Captain Francesco Schettino has blamed the Costa Concordia's helmsman for the disaster that killed 32 people in January 2012, and said he was not responsible.

Schettino, dubbed 'Captain Coward' in the Italian media, appeared before a court in Grosseto, Tuscany, facing charges of manslaughter, causing a shipwreck and abandoning ship.

The 53-year-old told judges the cruise liner wouldn't have crashed if Jacob Rusli Bin, the Indonesian helmsman, had followed his orders.

"In my experience, there wouldn't have been the crash." Schettino said.

"If it weren't for the helmsman's error, to not position the tiller to the left ... the swerve [toward the reef] and the collision wouldn't have happened," Schettino contended.
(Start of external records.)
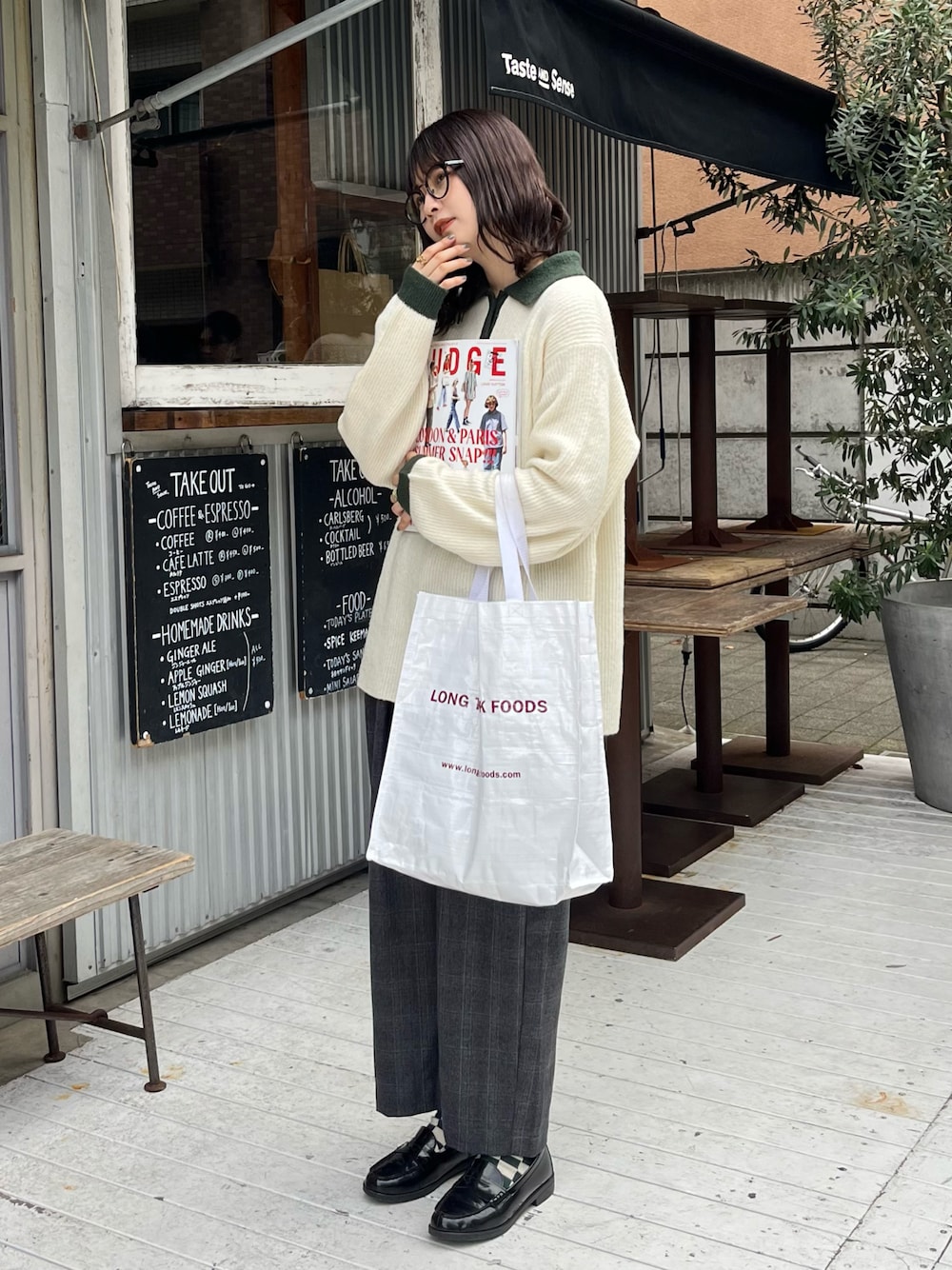 「秋コーデ、休日コーデ、きれいめカジュアル、秋カラー、大人かわいい、お出かけコーデ、秋物準備はじめました、オトナカジュアル、パンツコーデ、プチプラ、秋服、メガネ女子、ワイドパンツ、ゆるコーデ、ポロシャツ」｜「MONO-MART LADY'Sのモヘアライク配色オーバーサイズポロニット（ポロシャツ、ホワイト系）」を使った、おはなさん（レディース・168cm）の秋コーディネートの1枚目の写真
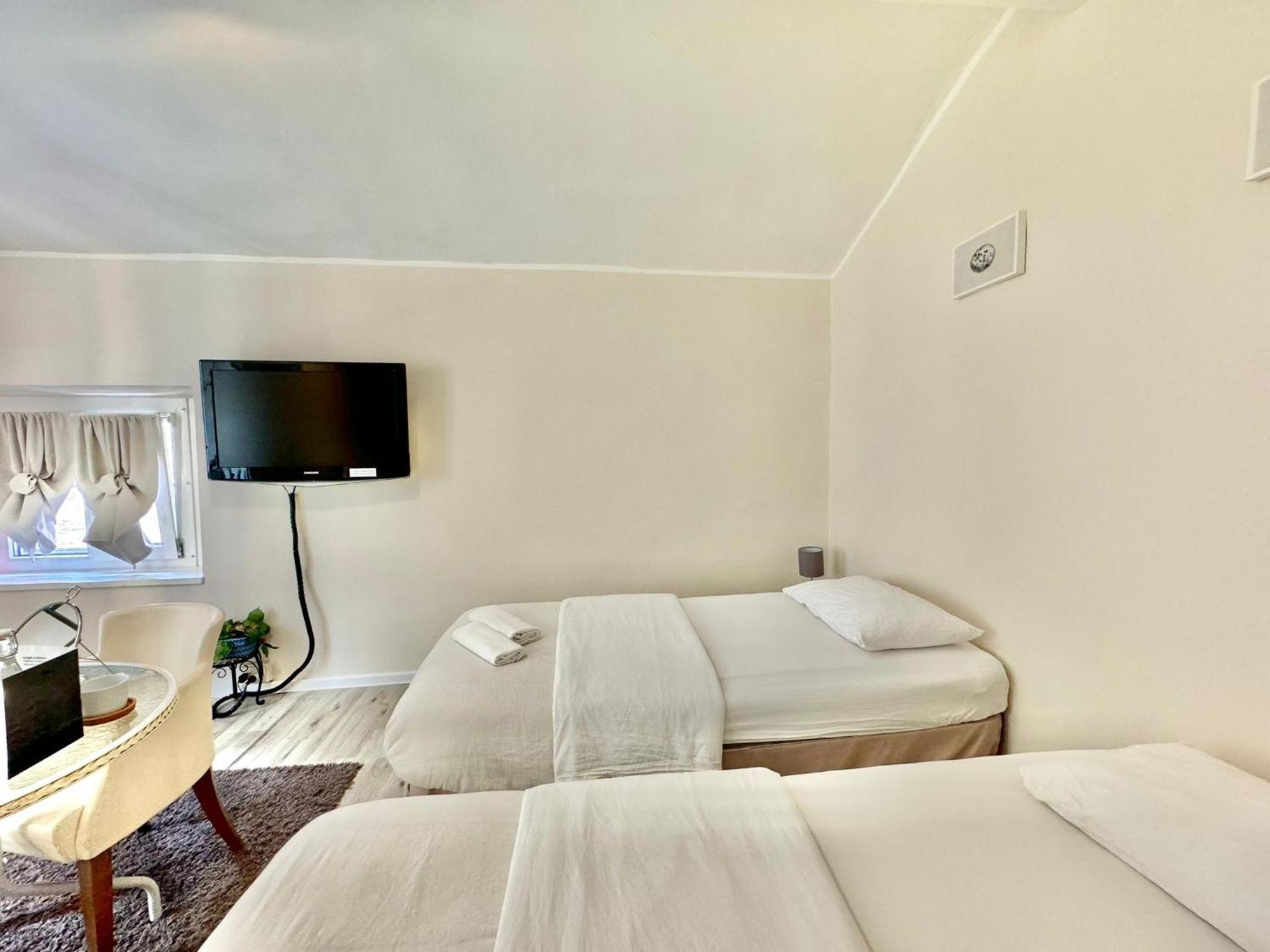 Maison Sarraj Parma Exteriör bild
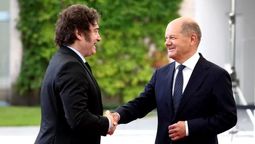 Javier Milei saluda al canciller alemán Olaf Scholz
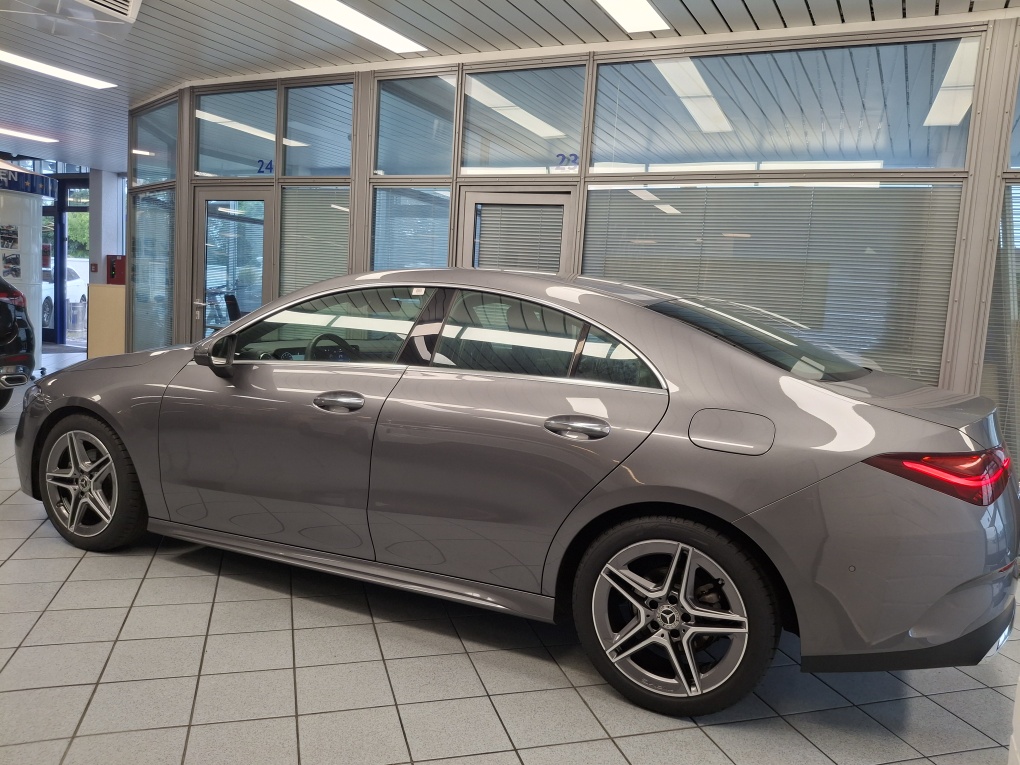 Mercedes-Benz CLA 180 – Foto 25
According to prosecutors, Schettino steered the Costa Concordia too close to the coast in the hope of performing a sail-past salute to the inhabitants of Giglio Island off the Tuscan coast. The liner eventually crashed into a reef, took on water and capsized.

The captain and his legal team contend that, due to language difficulties, Rusli Bin did not understand Schettino's order to steer left, as the captain realised the ship was too close to shore.

Rusli Bin mistakenly turned right instead. The order was allegedly given just seconds before the crash.

"It wasn't for this, the ship would have passed by without any problem," Schettino's lawyer Francesco Pepe told Italian SkyTg24 television.

The court's maritime expert confirmed Rusli Bin made the mistake, but said the ship would have crashed regardless.

"The helmsman was 13 seconds late in executing the manoeuvre, but the crash would have happened anyway," Italian Admiral Giuseppe Cavo Dragone told the court.

Rusli Bin is one of five Costa Crociere employees who were granted plea bargains in return for mild sentences in a separate proceeding.

Schettino is the sole defendant on trial and denies the charges.

His defence team maintains the captain is being made a scapegoat and actually saved lives by manoeuvring the ship closer to the island's shores, and no single person is to blame for hitting the rock.

Lawyers for Schettino also demanded the court order a new inspection of the crippled luxury liner, now that it has been set upright, to determine whether mechanical failures precipitated the tragedy.

Schettino, who recently had his mariner's licence suspended, faces up to 20 years in prison.